## [RECORD SET]

%%

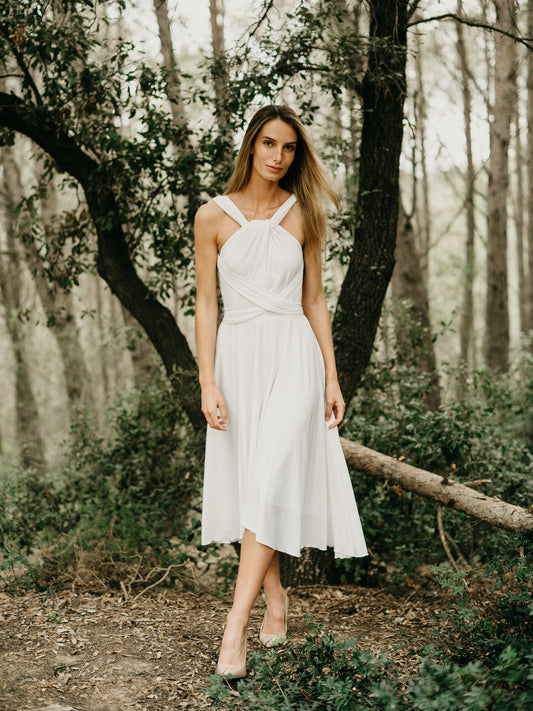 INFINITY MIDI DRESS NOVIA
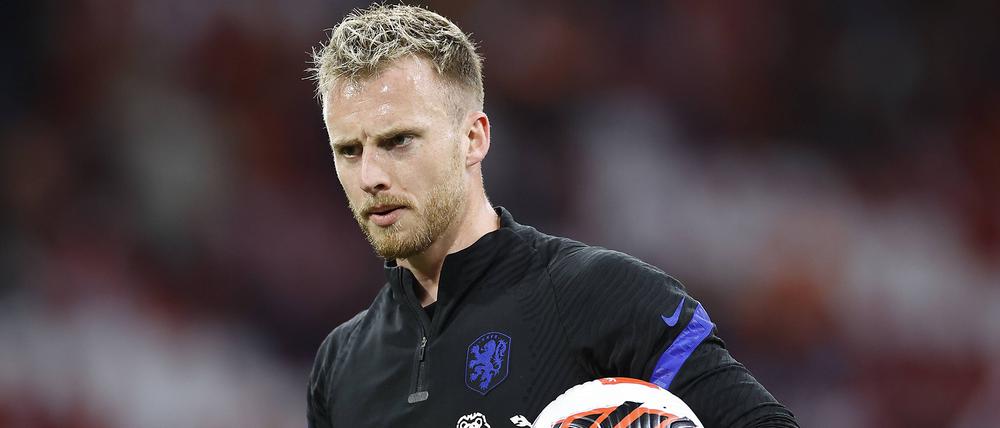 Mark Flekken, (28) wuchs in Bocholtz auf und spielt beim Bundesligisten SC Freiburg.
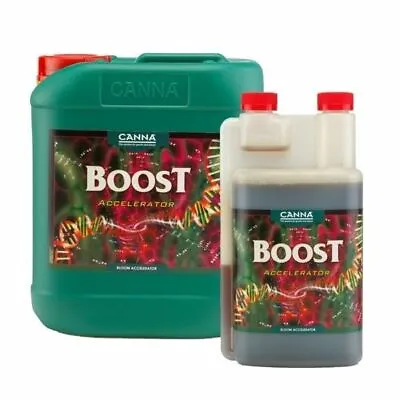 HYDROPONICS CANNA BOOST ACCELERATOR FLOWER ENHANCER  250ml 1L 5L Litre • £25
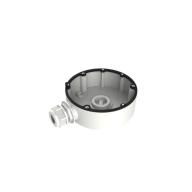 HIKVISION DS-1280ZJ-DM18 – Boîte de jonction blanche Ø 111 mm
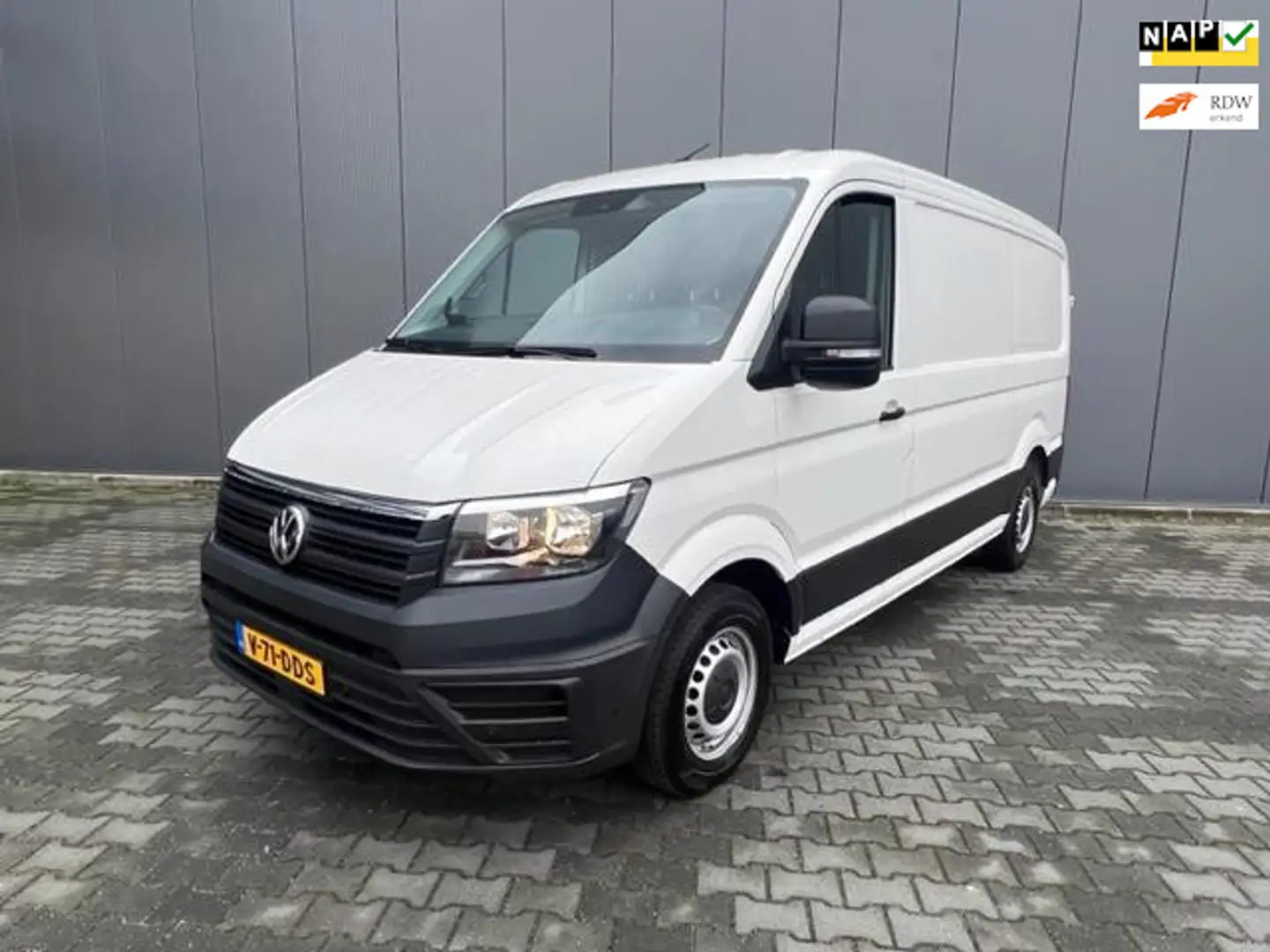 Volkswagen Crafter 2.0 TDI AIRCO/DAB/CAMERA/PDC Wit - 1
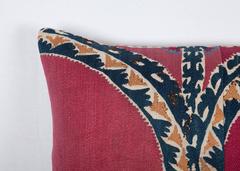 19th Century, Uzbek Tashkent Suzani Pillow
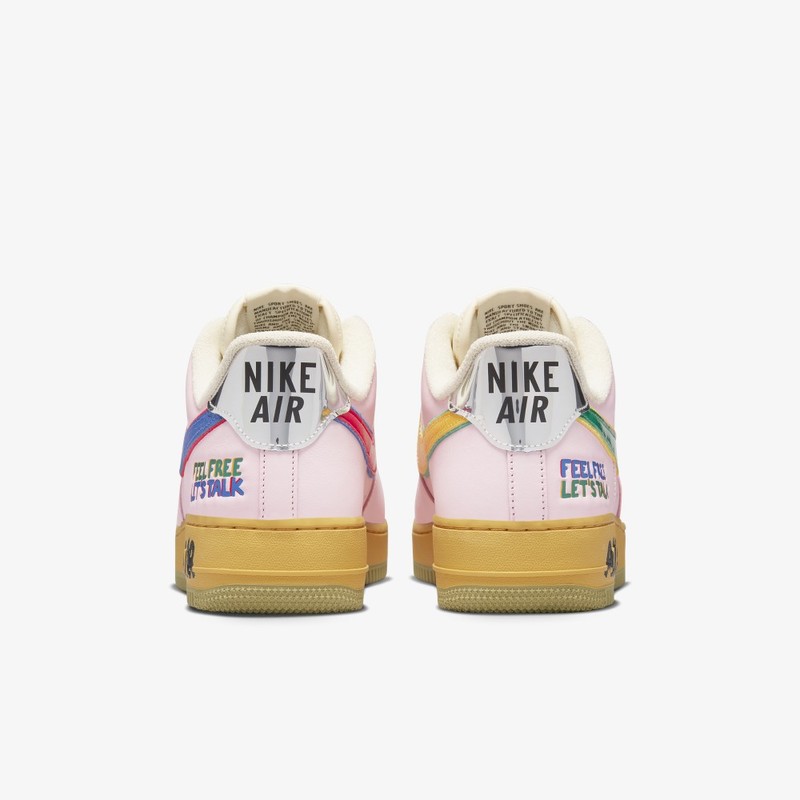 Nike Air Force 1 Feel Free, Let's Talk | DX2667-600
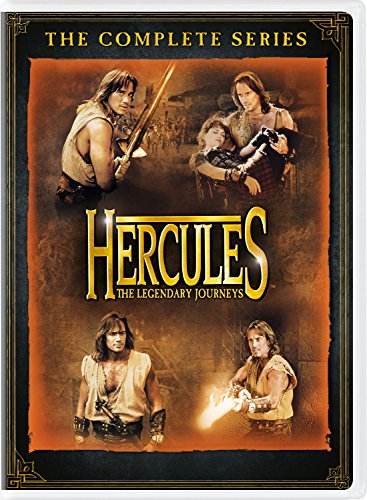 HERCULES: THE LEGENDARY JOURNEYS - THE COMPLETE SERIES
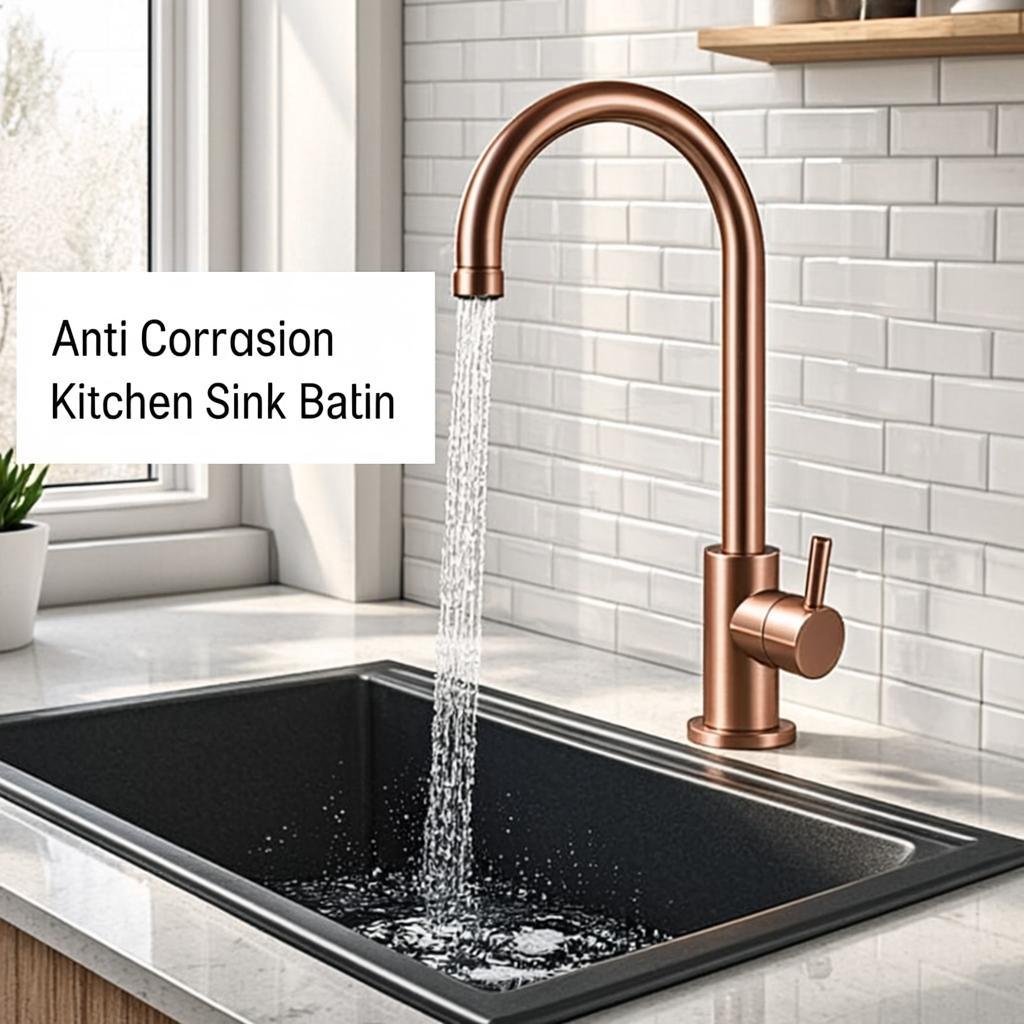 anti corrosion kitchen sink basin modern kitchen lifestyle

%%
%%

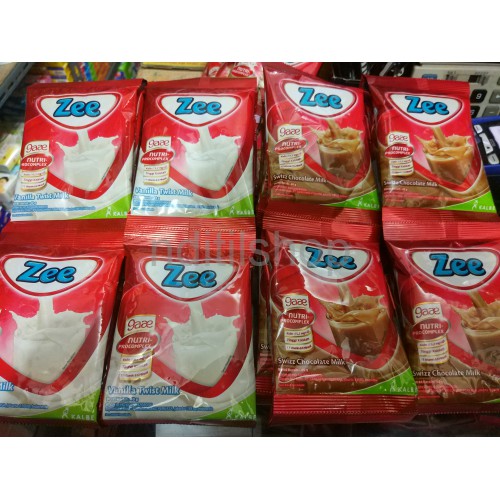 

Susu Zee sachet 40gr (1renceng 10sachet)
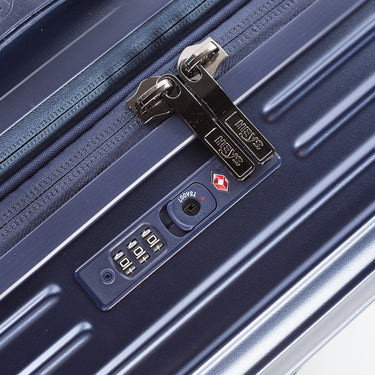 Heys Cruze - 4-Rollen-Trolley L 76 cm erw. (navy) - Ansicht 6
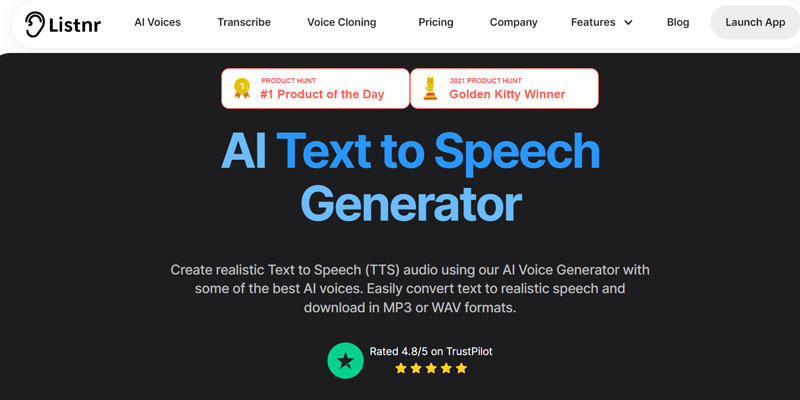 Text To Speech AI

%%
%%

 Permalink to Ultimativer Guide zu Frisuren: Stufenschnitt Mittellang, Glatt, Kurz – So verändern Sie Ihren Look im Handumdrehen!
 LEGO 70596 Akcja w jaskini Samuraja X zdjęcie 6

%%

## [PROBLEM TO WORK ON]
With pictures omitted, repeat the entries above word for word from the line holding "Heys Cruze - 4-Rollen-Trolley" down to the line holding "Text To Speech AI", keeping both of those lines.

## [EXPECTED OUTPUT]
 Heys Cruze - 4-Rollen-Trolley L 76 cm erw. (navy) - Ansicht 6
 Text To Speech AI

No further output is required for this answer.